In 1999, it is not realistic to expect this kind of data
rate from inexpensive network components. There are however
many ways to bridge the gap between what is available and
what we would like.
Firstly, to get interactive rates, it is not necessary
to produce new images at monitor refresh rates. Cinema and
television successfully use frame rates of 24-30 Hz. Video
games are considered to have a fluid animation when they
have frame rates in excess of 20 Hz. We can therefore set
a more realistic frame rate goal of 20-30 Hz.
Figure 3: Pipelining in Sepia.
Secondly, we can add on-the-fly compression so that we
can reduce the network bandwidth required. Given the high
data rates, it is impossible to implement a complex compression
algorithm. A simple compression algorithm has been designed
for Sepia, using first or second-order differences and a
simple entropy coding. From our experiments, this algorithm
leads to compression ratios in excess of 1.5.
Thirdly, not all compositing algorithms use RGB.Z. Our
sort-last version typically uses only RGBZ with a 24-bit
Z, so the pixels are transmitted in 6 bytes per pixel form.
Sort-middle algorithms use only color information: RGB, so
the pixel size is only 3 bytes in that case.
Finally, if the bandwidth provided by the network is still
too low, it is possible to cut the screen into different
parts (in a sort-middle fashion) and render the different
portions on different pipelines, with either one screen per
pipeline at the end or a special combining frame buffer.
This solution is a step backward for sort-last algorithms
as it involves duplicating data sets and rendering, but it
might be the only solution to get the required frame rate.

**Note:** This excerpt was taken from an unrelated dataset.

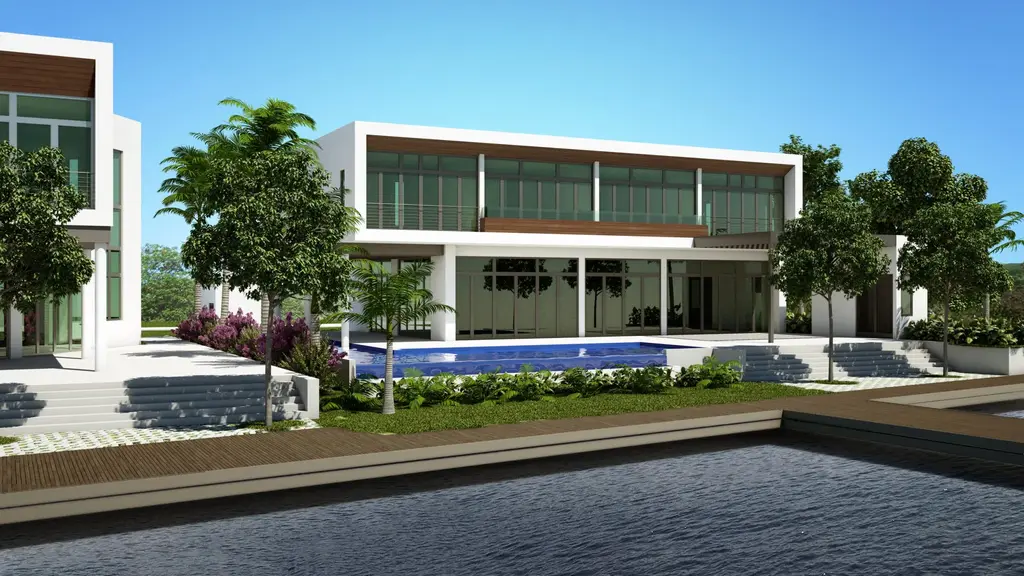 Waterfront view of modern villa with private pool and dock, Rodney Bay St. Lucia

In summary, for a frame size of 2.4 Mpel, a frame rate
of 30 Hz, 6 bytes per pixel and a compression ratio of 1.5,
we would need a network bandwidth of 288 MB/s (in each direction
with switching capabilities), which is close to what is available
today. For smaller frame sizes than HDTV, like 1280x1024,
we would need a network bandwidth of 155 MB/s full duplex,
which will be available this year.
The data flow architecture of Sepia is designed to minimize
the full system latency. This is especially critical on large
clusters where the data flows through 100 or 200 nodes. The
Sepia adapters use only node-to-node flow control and the
link length and packet size are small enough to ensure a
maximum latency of 50μs per node, so that the total cluster
latency due to the network is well below a frame time. We
see in Figure 3 that, compared to a standard rendering machine,
Sepia has the extra phase of merging, which has a duration
comparable to that of the rendering phase. So, even on large
Sepia clusters, the total system latency is small.
3 Sepia (Phase 1) implementation on PCI Pamette
V1
3.1 General Architecture
At this time (April 1999), Sepia has been implemented as
a prototype using mostly off-the-shelf boards and systems.

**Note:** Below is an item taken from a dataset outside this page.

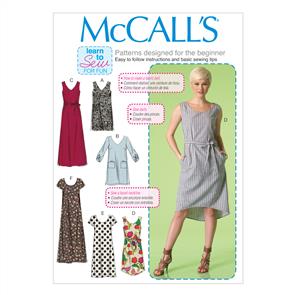 McCalls Pattern 7120 Misses' Dresses and belt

A Phase 1 Sepia node is composed of:
- A Compaq workstation (IA32 or Alpha
based, running Microsoft Windows NT).
- A mid-range 3D accelerator such as
the Compaq PowerStorm 300.
- A Compaq PCI Pamette (marketed as “PCI
Development Platform”) V1R2 using 4 user-programmable
Xilinx XC4044XL-1 FPGAs [8].
- A customCompaq ServerNet PMC daughter-card
(for PCI Pamette) using the Colorado 1 PCI-to-ServerNet
ASIC [5].
The ServerNet daughter-card is the only custom element in a
Phase 1 Sepia node. Besides the Colorado 1 ASIC, it includes
some SRAM and two physical link circuits for the two channels,
connected to two full-duplex parallel connectors. One connects
to the upstream node and the other connects to the downstream
node. The daughter-card is plugged into the PMC (PCI Mezzanine
Card) slot on the PCI Pamette and is used by the Sepia circuit
downloaded in the Pamette FPGAs as a private network interface.

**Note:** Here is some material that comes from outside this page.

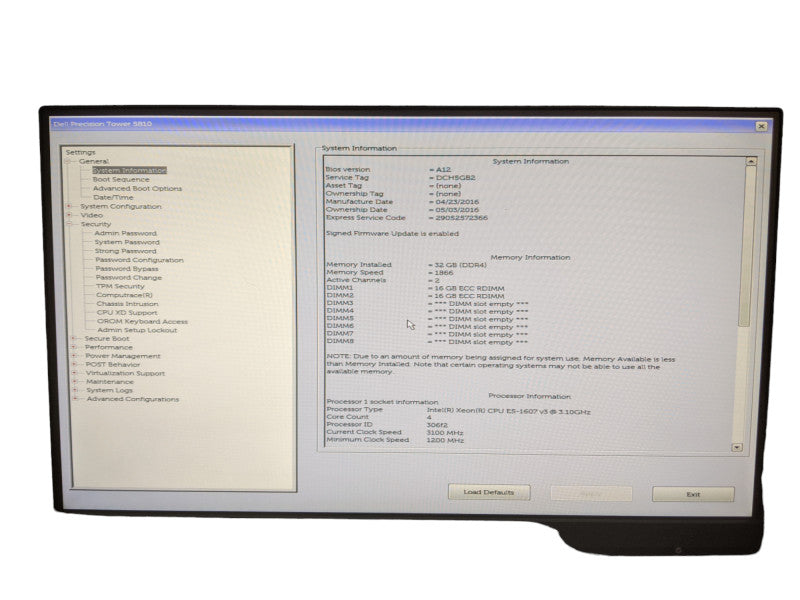 Dell Precision Tower 5810 | Xeon E5-1607v3 | 32GB DDR4 | No HDD | Quadro K620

The Pamette is plugged on the same PCI bus as the 3D accelerator.
It extracts pixel data out of it by doing direct board-to-board
DMA.
The complete diagram of the mapping of the Sepia merge
engine and network adapter on PCI Pamette is shown in Figure
4 and described in the next sections. This diagram applies
to the rendering nodes only.
3.2 Interface to the local 3D accelerator
There are three ways to get data from the 3D accelerator
frame buffer memory:
- Use the 3D accelerator’s DMA
engine to send the data directly to the Pamette by doing
board-to-board DMA.
- Use the 3D accelerator’s DMA
engine to send the required data to main memory, then DMA
the data from main memory into the Pamette.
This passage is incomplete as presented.